If the service providers reject an application for reimbursement of the costs of an assistive device or technical work aid, an objection may be lodged in justified cases. It is also possible to appeal against decisions.

In many cases, policyholders are successful with this. However, they must observe certain requirements and be prepared for the fact that legal proceedings can take a long time. In most cases, social law requires an objection procedure to be carried out before a court case.

In principle, the service providers must notify their refusal in writing, otherwise no legal action can be taken. The notification of rejection must include instructions on how to appeal, which indicates that the objection must be lodged within one month (§ 36 SGB X). Remedial instructions can be ineffective if they do not include a reference to the possibility of transmission by De-Mail (see judgement).

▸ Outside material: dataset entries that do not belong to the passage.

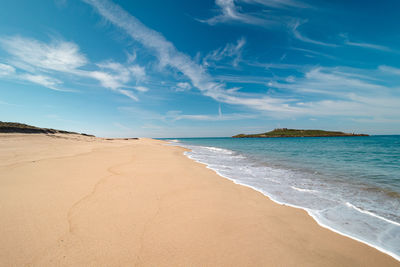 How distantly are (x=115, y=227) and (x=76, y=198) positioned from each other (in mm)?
1576

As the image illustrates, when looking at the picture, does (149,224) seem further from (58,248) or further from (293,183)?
(293,183)

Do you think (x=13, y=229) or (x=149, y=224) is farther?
(x=149, y=224)

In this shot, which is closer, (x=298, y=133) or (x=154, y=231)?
(x=154, y=231)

Within the applicable time limits, insured persons must lodge the objection in writing with the relevant service provider or orally for recording in the office of the service provider:

  • Time limit one month: The time limit for lodging an objection is one month if the notice of refusal contains instructions on how to appeal.
  • One year's time limit: The time limit is extended if the information on the right of appeal is missing from the rejection notice.
  • Beginning of the period: The period begins when the insured person receives the notice of rejection.
  • Time limit for filing the grounds of appeal: The grounds of opposition can be submitted immediately or can be followed by a note - for example, with the wording "The grounds of this opposition are submitted separately. There is no fixed time limit for the statement of grounds for the opposition. In its own interest, however, this should be done as quickly as possible.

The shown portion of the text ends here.